Assignment:
In the records below, the line that contains "Thanks, Paul. And" marks the start. Copy it and each line after it through the end, exactly, without pictures.

Records from a data collection:
# # # #

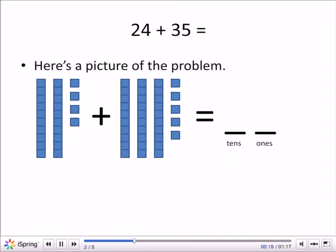Plus 35. Three tens — 10, 20, 30. That's our three stacks of tens. And then there's five ones by themselves: one, two, three, four, five ones.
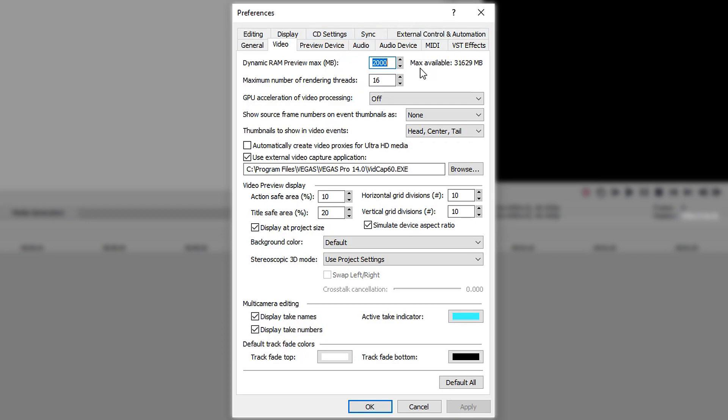The available RAM on your computer will be displayed on the right side and will say Max Available. This is how much RAM you have available that you can use.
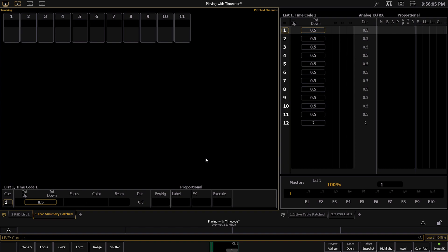ETC released a show file that has a bunch of macros created so that you can easily do timecode on your own show file. First, I'm going to show you how to merge the show file so that you can add the timecode macros into your own. Next, I'm going to show you how to run timecode on your console. I'll then show you how to do the learn function and using that with timecode. And finally, I'm going to show you how to edit timecode.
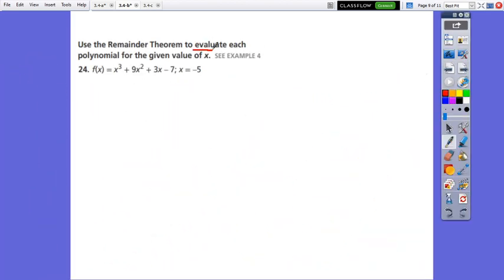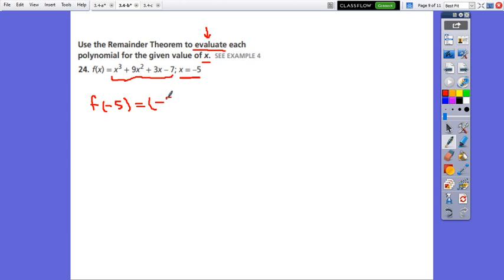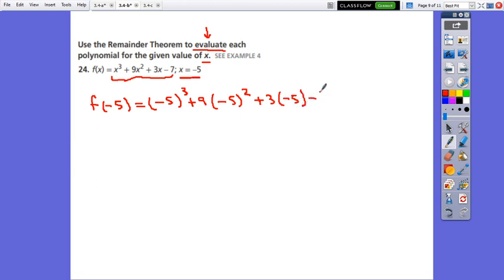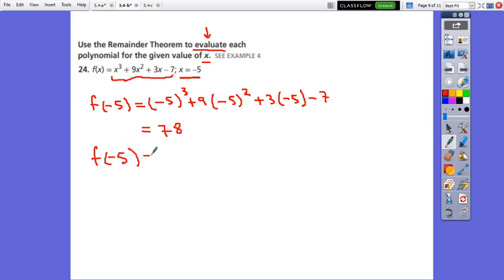Use the remainder theorem to evaluate each polynomial for the given value of x. X is given as negative 5. To evaluate means to find the value of the polynomial when x is given. So instead of x, we put negative 5: (negative 5) cubed plus 9 times (negative 5) squared plus 3 times (negative 5) minus 7. This equals negative 125 plus 9 times 25 minus 15 minus 7, which equals 78. So f(negative 5) equals 78.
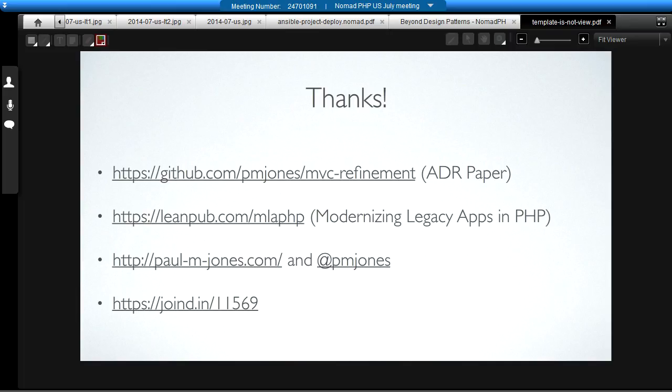Thanks, Paul. And thanks for joining us for another Nomad PHP Lightning Talk. If you'd like to give a Lightning Talk, please email me at joe@nomadphp.com. Make sure you visit JoinedIn and leave Paul some feedback. Thanks.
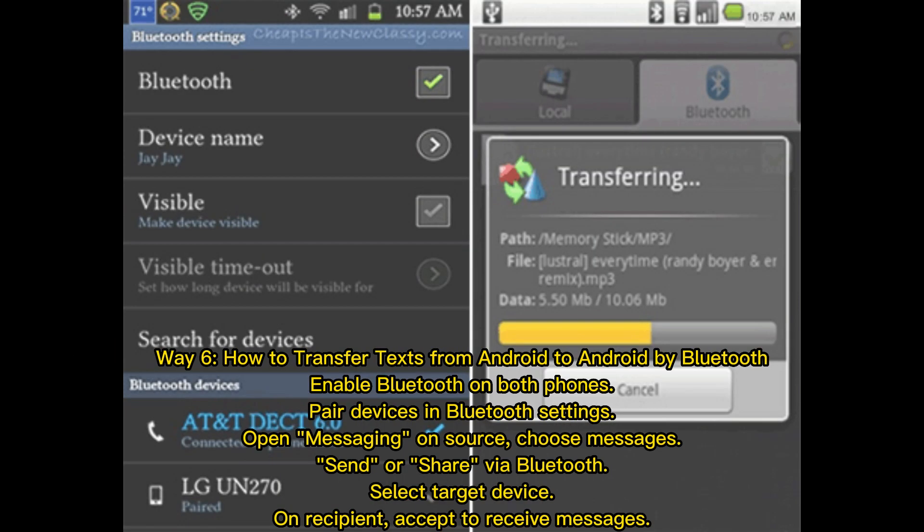Way 6: How to transfer texts from Android to Android by Bluetooth. Enable Bluetooth on both phones and pair the devices in Bluetooth settings. Open Messaging on the source, choose messages, and send or share via Bluetooth. Select the target device. On the recipient, accept to receive messages.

# # # #

Reply:
Thanks, Paul. And thanks for joining us for another Nomad PHP Lightning Talk. If you'd like to give a Lightning Talk, please email me at joe@nomadphp.com. Make sure you visit JoinedIn and leave Paul some feedback. Thanks.
Way 6: How to transfer texts from Android to Android by Bluetooth. Enable Bluetooth on both phones and pair the devices in Bluetooth settings. Open Messaging on the source, choose messages, and send or share via Bluetooth. Select the target device. On the recipient, accept to receive messages.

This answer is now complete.